Top of Task material
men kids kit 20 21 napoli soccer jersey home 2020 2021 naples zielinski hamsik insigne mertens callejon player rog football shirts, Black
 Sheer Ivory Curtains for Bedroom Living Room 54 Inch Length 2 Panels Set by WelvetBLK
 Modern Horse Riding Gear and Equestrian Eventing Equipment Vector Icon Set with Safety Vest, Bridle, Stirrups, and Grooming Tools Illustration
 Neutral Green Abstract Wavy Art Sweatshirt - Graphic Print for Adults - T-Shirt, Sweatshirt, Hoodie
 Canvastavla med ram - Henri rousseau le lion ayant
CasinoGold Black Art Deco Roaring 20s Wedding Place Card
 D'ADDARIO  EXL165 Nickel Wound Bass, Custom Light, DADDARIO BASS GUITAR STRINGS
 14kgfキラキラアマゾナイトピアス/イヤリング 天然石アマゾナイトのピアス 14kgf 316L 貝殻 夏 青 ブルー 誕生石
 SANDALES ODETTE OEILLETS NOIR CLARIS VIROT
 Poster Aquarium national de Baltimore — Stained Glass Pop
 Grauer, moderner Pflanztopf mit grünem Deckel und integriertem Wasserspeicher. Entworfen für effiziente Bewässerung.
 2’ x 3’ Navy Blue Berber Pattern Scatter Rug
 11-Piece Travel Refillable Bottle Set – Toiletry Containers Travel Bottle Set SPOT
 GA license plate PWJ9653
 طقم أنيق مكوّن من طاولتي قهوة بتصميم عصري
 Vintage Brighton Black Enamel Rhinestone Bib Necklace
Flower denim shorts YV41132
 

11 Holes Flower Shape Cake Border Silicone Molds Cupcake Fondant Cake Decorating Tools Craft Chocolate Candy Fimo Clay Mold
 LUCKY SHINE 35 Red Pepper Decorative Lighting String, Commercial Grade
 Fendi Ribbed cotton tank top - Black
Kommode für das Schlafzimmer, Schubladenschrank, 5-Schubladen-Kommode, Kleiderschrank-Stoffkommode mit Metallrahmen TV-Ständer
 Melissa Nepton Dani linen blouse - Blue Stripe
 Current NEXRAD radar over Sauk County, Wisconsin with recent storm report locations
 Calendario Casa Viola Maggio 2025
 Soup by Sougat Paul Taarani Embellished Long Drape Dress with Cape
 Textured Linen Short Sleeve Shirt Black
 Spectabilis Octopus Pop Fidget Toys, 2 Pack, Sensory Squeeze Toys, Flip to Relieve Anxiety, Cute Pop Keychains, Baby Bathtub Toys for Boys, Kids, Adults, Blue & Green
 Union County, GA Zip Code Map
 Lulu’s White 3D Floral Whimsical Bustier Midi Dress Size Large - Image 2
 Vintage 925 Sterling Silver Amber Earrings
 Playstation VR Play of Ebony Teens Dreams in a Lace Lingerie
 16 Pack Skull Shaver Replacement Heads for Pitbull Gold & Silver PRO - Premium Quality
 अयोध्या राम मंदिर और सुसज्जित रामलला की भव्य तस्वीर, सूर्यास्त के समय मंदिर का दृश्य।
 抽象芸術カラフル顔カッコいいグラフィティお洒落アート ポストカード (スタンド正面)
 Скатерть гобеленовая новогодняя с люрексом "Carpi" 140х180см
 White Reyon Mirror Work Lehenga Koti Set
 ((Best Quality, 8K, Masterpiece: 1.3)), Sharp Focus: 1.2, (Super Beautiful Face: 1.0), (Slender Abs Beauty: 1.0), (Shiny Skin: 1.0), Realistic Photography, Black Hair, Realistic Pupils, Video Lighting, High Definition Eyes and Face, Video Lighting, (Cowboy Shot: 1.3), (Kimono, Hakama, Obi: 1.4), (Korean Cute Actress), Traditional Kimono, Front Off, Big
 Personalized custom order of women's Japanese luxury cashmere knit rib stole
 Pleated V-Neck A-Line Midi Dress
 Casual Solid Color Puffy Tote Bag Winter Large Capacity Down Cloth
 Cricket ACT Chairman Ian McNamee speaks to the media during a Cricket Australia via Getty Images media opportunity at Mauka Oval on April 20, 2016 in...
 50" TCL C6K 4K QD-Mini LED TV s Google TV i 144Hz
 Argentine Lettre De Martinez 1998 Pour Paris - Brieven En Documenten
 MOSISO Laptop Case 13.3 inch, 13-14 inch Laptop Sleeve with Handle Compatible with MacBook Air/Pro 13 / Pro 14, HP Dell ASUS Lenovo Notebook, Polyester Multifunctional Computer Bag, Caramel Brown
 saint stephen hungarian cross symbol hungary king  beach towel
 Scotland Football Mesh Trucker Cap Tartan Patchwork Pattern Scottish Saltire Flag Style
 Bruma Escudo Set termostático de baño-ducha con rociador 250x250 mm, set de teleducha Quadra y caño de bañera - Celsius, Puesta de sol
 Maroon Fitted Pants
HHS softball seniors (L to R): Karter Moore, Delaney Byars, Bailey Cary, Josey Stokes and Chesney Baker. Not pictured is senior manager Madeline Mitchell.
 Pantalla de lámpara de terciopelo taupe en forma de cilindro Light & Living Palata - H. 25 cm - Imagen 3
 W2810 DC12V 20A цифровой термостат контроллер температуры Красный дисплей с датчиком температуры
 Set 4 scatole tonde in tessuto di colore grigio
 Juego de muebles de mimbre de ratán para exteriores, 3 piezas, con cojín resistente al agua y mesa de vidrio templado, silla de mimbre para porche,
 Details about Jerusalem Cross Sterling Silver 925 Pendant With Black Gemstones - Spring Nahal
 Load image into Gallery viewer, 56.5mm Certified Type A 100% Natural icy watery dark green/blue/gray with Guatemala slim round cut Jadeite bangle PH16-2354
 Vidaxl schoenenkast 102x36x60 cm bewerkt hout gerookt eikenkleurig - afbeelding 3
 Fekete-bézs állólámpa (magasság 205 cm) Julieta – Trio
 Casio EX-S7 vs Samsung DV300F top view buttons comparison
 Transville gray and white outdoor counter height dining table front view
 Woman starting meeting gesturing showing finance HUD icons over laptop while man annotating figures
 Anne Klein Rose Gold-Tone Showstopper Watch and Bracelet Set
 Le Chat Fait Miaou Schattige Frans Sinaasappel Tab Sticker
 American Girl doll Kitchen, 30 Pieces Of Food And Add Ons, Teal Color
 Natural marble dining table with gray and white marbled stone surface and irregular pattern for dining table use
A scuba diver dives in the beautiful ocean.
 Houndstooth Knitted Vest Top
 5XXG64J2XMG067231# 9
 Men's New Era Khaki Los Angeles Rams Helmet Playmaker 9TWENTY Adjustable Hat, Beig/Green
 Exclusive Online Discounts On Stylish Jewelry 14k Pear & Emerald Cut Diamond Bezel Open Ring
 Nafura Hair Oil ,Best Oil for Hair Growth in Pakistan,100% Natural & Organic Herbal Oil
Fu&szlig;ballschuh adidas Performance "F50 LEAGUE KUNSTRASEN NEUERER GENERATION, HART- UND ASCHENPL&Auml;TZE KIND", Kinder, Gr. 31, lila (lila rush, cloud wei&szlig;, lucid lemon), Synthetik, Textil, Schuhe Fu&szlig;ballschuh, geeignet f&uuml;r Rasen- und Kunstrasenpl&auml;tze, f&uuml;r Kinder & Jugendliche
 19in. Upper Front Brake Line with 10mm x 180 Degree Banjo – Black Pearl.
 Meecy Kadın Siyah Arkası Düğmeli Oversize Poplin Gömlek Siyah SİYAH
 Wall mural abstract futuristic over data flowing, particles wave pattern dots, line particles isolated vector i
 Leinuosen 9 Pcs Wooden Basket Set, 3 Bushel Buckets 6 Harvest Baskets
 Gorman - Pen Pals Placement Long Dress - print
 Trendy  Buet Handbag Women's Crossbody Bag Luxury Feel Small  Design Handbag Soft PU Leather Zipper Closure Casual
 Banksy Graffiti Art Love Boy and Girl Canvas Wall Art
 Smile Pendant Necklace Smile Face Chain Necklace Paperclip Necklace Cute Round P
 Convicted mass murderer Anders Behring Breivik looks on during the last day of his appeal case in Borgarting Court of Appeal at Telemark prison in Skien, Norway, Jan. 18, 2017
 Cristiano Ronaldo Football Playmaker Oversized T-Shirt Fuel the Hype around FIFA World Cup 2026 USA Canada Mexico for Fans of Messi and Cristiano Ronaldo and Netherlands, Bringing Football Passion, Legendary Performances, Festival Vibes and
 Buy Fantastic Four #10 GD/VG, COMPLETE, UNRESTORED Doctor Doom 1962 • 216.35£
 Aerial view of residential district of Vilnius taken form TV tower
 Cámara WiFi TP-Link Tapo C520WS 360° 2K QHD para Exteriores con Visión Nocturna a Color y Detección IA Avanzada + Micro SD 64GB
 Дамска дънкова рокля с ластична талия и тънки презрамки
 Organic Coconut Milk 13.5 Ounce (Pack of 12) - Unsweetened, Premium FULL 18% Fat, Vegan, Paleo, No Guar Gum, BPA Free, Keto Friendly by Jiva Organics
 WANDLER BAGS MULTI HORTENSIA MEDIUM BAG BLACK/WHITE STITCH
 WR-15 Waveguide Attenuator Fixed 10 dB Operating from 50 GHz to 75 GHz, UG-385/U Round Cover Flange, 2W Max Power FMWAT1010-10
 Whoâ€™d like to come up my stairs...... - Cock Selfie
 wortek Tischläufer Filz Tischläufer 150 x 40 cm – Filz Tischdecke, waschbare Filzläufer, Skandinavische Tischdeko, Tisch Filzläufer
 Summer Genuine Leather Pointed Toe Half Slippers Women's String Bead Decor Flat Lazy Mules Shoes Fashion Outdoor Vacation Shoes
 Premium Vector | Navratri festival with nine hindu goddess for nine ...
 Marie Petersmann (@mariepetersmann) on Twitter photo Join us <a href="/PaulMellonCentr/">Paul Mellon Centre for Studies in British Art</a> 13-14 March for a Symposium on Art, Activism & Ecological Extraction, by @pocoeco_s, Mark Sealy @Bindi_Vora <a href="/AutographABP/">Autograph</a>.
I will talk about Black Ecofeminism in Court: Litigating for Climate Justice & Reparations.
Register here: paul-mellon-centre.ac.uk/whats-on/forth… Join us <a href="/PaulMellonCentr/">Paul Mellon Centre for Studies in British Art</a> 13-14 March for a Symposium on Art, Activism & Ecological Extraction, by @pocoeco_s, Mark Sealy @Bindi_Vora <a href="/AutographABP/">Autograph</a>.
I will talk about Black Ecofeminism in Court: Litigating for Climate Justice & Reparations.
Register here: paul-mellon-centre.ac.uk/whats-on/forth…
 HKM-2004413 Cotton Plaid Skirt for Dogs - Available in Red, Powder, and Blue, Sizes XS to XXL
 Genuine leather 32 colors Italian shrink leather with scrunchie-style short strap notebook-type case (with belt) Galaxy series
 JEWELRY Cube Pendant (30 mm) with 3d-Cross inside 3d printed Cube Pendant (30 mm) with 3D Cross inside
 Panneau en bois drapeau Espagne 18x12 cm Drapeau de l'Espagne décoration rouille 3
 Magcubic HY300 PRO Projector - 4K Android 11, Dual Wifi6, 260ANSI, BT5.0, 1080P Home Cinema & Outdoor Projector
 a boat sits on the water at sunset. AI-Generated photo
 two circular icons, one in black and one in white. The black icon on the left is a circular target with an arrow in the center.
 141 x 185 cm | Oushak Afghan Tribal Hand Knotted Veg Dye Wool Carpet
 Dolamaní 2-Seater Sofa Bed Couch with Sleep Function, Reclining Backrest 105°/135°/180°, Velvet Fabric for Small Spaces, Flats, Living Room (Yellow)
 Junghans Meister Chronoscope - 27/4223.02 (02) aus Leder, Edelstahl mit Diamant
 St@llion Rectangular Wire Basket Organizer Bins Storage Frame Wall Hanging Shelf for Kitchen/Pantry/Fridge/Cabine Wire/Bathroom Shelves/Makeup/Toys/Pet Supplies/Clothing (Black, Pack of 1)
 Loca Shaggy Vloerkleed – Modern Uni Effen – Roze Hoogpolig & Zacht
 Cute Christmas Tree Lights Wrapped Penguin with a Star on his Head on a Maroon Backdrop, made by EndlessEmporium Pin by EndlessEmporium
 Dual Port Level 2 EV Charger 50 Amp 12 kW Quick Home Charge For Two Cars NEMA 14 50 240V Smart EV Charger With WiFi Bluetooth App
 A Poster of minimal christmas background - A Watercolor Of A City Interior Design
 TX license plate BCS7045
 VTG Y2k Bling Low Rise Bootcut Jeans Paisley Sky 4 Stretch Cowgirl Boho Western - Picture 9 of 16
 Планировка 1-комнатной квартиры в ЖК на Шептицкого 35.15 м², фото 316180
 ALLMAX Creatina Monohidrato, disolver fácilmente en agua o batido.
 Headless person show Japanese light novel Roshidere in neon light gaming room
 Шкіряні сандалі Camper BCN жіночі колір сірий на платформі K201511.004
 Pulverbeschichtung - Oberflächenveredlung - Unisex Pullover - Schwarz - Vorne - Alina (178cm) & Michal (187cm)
Bottom of Task material
Return, unchanged, the run of lines above that opens with the line containing "14kgfキラキラアマゾナイトピアス/イヤリング 天然石アマゾナイトのピアス 14kgf" and closes with the line containing "2’ x 3’ Navy Blue Berber Pattern Scatter Rug". Include both.

 14kgfキラキラアマゾナイトピアス/イヤリング 天然石アマゾナイトのピアス 14kgf 316L 貝殻 夏 青 ブルー 誕生石
 SANDALES ODETTE OEILLETS NOIR CLARIS VIROT
 Poster Aquarium national de Baltimore — Stained Glass Pop
 Grauer, moderner Pflanztopf mit grünem Deckel und integriertem Wasserspeicher. Entworfen für effiziente Bewässerung.
 2’ x 3’ Navy Blue Berber Pattern Scatter Rug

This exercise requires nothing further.